From Tina, age 27

I grew up in a Lutheran home, but I was guilty of going to church for an hour and then not thinking about God the rest of the week unless I needed something. It wasn’t until I matured more as an adult and came to realize all the blessings in my life that I truly understood the depth of my being and that something greater was responsible for these blessings. I attended a Catholic University and surrounded myself with people who had such devotion to the teachings and were bountiful in their faith which truly peaked my curiosity in the Catholic Church. The RCIA classes were very enlightening and covered the bible and other Catholic prayers/traditions which were imperative for my foundation as a Catholic. Discussing each of the sacraments put things in perspective for me and truly made me recognize the gift we’re given through these encounters with Christ. Going through the classes as an adult really built upon what I had learned as a child, but challenged me to conceptually think about the teachings and realize the magnitude of the miracles and gifts in our lives. The people I met during the class were all there for different reasons, but we all united in our quest for knowledge and truth through Jesus Christ. I felt welcomed from the very beginning of RCIA and felt even more unified at the end having all gone through the same journey to accepting Christ into our lives and being disciples of his word. I feel a universal connection with other Catholics and have a new external demonstration of my faith through worship, service, and charity. I truly feel that this new relationship with God is one of love and trust; I have found such peace within myself and the world around me. I have overcome my anxiety over the unknown and have put my trust in God’s will. I feel tremendous love and truly take pleasure in the little things knowing that with God’s love, grace, and mercy, we can make it through anything. My journey has just begun, but RCIA was a crucial stepping stone to help me in living a fulfilling Christian life.

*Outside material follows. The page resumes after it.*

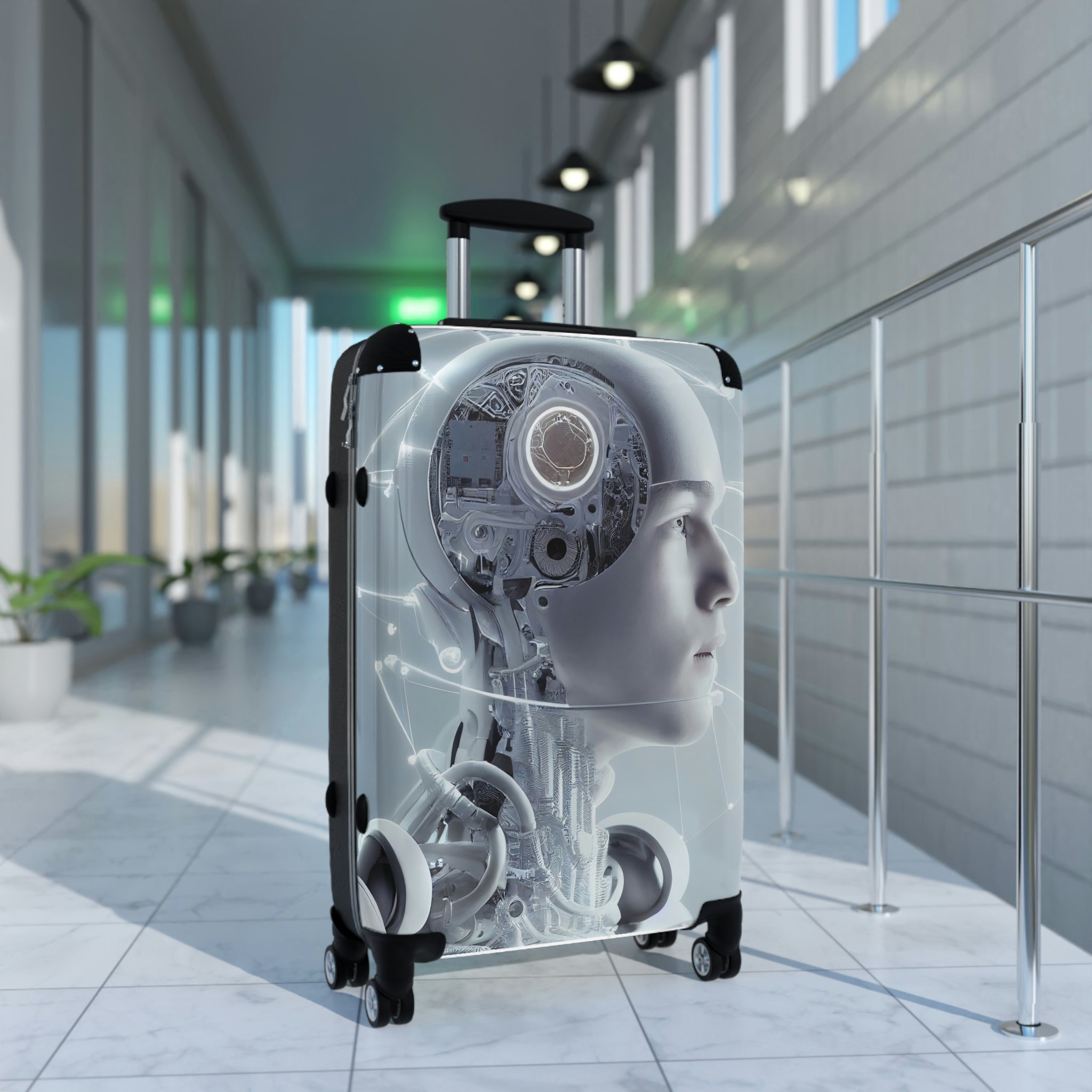 The Future is NOW! (His) - Travel Suitcase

Candidate for Full Reception

From Matt, age 32

I was baptized Catholic as an infant and was in and out of the Church until my adult years. In 1999 I married a life-long Catholic. At that time I started on the road to participating in the sacraments of First Eucharist, Confession, and Marriage with the intent of getting Confirmed at a later date.

Being a new parishioner in St Thomas (we officially joined in 2/05) I looked at different ministries. Knowing I needed to be Confirmed, I thought that the RCIA process would be a great way for me to understand the beliefs and values of the Catholic Church and be a great way to meet fellow parishioners.

The only thing I really struggled through the process was reconconciling Church teaching with my political values. I was able to reconcile the two. I have gotten to know Jesus on a different level, but more importantly I feel that I have gotten to know the Church on a different level. Having the fact in the back of my mind that I was never Confirmed, I always felt a little of an outsider during Mass and other Church functions. After going through the RCIA process, I now am more comfortable being involved. I believe that knowing the Church better and being more involved automatically brings you closer to Jesus.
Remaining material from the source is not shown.